In a gloomy seaside town in Brittany, a young nurse-in-training, Lucie (Chloe Coulloud), follows her creepy elder colleague (Catherine Jacob) on visits to various elderly patients. When they arrive at the abandoned manor of Jessel (Marie-Claude Pietragalla), a witchlike former dance instructor in a permanent coma, Lucie gets wind of a treasure hidden somewhere in the house, and is coerced by her b.f. (Felix Moati) and guyfriend (Jeremy Kapone) to sneak back that night for some foraging.
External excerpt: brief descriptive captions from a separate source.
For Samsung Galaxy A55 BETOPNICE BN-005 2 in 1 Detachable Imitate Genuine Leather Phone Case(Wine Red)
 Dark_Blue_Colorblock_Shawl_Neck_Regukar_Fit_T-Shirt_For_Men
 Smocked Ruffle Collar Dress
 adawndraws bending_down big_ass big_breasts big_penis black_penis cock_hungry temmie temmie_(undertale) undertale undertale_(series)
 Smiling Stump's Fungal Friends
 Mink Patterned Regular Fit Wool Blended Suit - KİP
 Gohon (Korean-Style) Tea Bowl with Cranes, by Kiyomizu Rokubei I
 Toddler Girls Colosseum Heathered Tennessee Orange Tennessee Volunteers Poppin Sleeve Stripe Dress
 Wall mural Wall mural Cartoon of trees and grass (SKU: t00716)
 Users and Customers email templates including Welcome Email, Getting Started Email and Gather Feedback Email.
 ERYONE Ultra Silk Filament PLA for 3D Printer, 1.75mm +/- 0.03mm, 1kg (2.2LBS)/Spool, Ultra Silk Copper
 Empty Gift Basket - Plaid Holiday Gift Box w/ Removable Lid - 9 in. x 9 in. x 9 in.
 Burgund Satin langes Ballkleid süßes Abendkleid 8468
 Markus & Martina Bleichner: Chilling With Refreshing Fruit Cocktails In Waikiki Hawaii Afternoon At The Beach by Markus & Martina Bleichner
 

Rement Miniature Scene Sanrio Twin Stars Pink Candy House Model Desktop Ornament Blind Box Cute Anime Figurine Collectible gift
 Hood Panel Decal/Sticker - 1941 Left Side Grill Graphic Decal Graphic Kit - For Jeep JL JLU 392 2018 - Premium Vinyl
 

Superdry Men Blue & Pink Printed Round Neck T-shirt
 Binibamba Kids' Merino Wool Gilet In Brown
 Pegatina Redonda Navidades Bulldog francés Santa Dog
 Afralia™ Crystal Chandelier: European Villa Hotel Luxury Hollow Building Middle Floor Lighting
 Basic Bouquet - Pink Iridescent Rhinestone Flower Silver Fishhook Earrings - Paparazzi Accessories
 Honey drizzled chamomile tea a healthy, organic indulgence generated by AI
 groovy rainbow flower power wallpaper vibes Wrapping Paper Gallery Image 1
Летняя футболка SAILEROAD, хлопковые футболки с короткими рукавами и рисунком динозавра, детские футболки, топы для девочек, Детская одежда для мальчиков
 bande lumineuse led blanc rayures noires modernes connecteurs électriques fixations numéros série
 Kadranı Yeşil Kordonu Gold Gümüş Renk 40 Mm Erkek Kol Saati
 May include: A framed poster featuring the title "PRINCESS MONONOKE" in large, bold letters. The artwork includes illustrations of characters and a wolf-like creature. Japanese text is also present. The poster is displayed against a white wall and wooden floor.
The fact that it happens to be Halloween (as much as that means anything in France), and that the mansion’s extensive taxidermy collection makes the Bates Motel look like Toys “R” Us, doesn’t seem to pose a problem for the trio of scavengers, who foolishly venture inside and spend the rest of the movie running from an assortment of monsters: a reanimated Jessel, a group of razor-wielding ballerinas, and Jessel’s supposedly long-dead daughter (Chloe Marcq), who first appears as a stuffed human doll with her eyelids sewn together.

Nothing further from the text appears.